## [DIRECTIONS]
Every line below from the one with "Create a professional" through the one with "14-gauge 2x2-inch steel" is to be repeated exactly, with no picture among them.

## [DATA EXTRACTS]
++++++
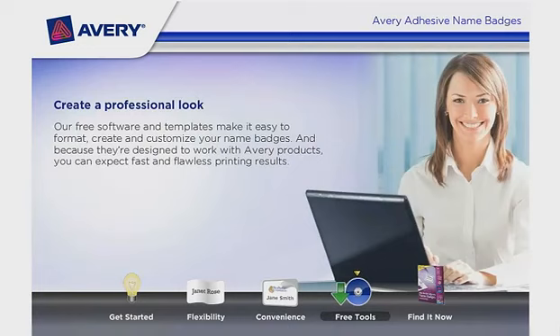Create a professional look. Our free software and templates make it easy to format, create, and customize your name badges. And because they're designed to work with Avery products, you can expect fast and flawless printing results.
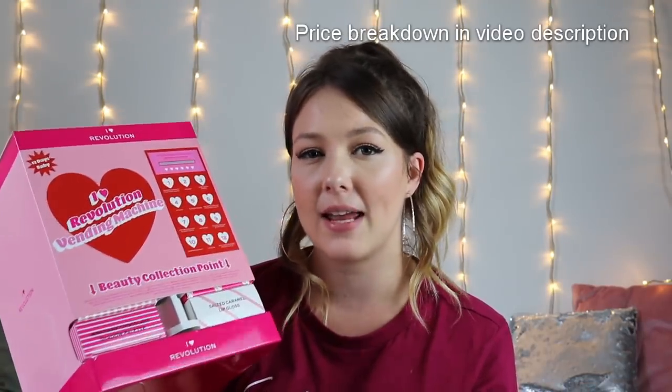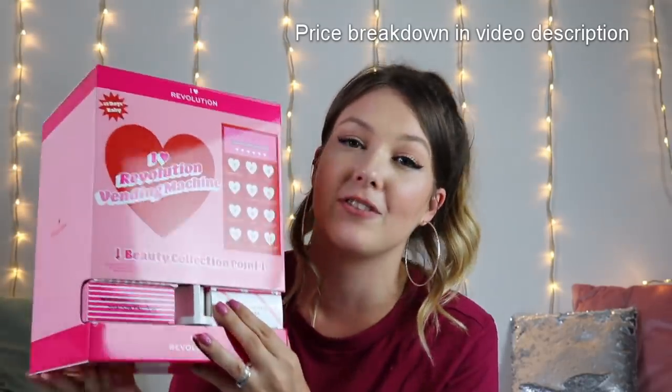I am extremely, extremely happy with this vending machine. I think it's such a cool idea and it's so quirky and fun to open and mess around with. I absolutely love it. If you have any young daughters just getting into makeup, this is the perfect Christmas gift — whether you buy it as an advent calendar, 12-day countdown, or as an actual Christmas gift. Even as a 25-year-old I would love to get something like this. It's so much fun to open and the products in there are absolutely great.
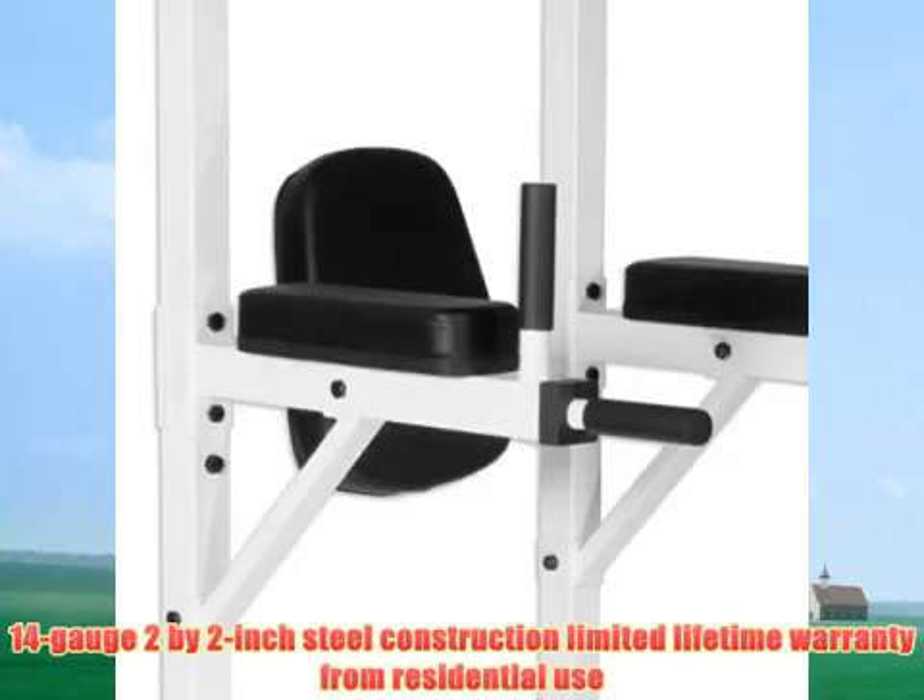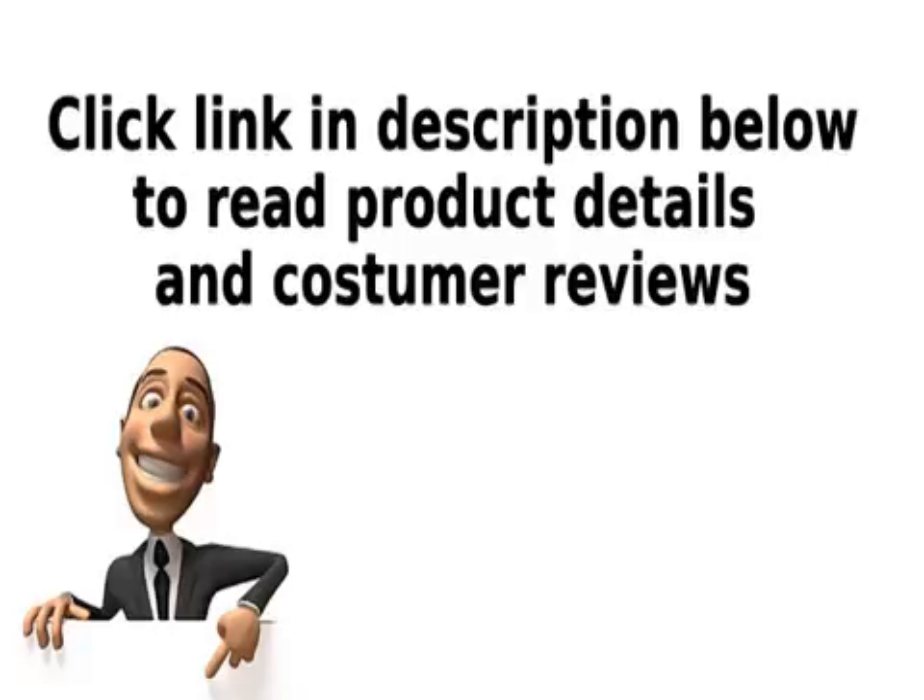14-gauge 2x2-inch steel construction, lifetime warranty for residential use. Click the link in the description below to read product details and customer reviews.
++++++
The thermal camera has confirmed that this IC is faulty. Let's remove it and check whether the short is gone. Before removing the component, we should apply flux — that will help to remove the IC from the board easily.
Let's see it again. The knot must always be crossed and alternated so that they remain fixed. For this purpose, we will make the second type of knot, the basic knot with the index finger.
++++++
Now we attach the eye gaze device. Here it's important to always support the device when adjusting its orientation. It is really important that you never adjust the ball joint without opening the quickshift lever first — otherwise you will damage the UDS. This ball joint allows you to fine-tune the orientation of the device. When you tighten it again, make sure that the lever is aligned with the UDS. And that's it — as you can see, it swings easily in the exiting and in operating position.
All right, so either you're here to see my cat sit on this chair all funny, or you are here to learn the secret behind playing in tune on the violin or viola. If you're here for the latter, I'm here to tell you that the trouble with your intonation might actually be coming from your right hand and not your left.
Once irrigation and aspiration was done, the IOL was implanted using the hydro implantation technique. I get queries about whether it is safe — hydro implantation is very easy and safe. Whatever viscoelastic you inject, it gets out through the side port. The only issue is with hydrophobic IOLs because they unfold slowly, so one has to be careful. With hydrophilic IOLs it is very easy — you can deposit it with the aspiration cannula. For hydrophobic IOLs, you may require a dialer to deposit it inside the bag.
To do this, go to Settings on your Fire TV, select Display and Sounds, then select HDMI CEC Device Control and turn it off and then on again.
++++++
## [RESPONSE]
Create a professional look. Our free software and templates make it easy to format, create, and customize your name badges. And because they're designed to work with Avery products, you can expect fast and flawless printing results.
I am extremely, extremely happy with this vending machine. I think it's such a cool idea and it's so quirky and fun to open and mess around with. I absolutely love it. If you have any young daughters just getting into makeup, this is the perfect Christmas gift — whether you buy it as an advent calendar, 12-day countdown, or as an actual Christmas gift. Even as a 25-year-old I would love to get something like this. It's so much fun to open and the products in there are absolutely great.
14-gauge 2x2-inch steel construction, lifetime warranty for residential use. Click the link in the description below to read product details and customer reviews.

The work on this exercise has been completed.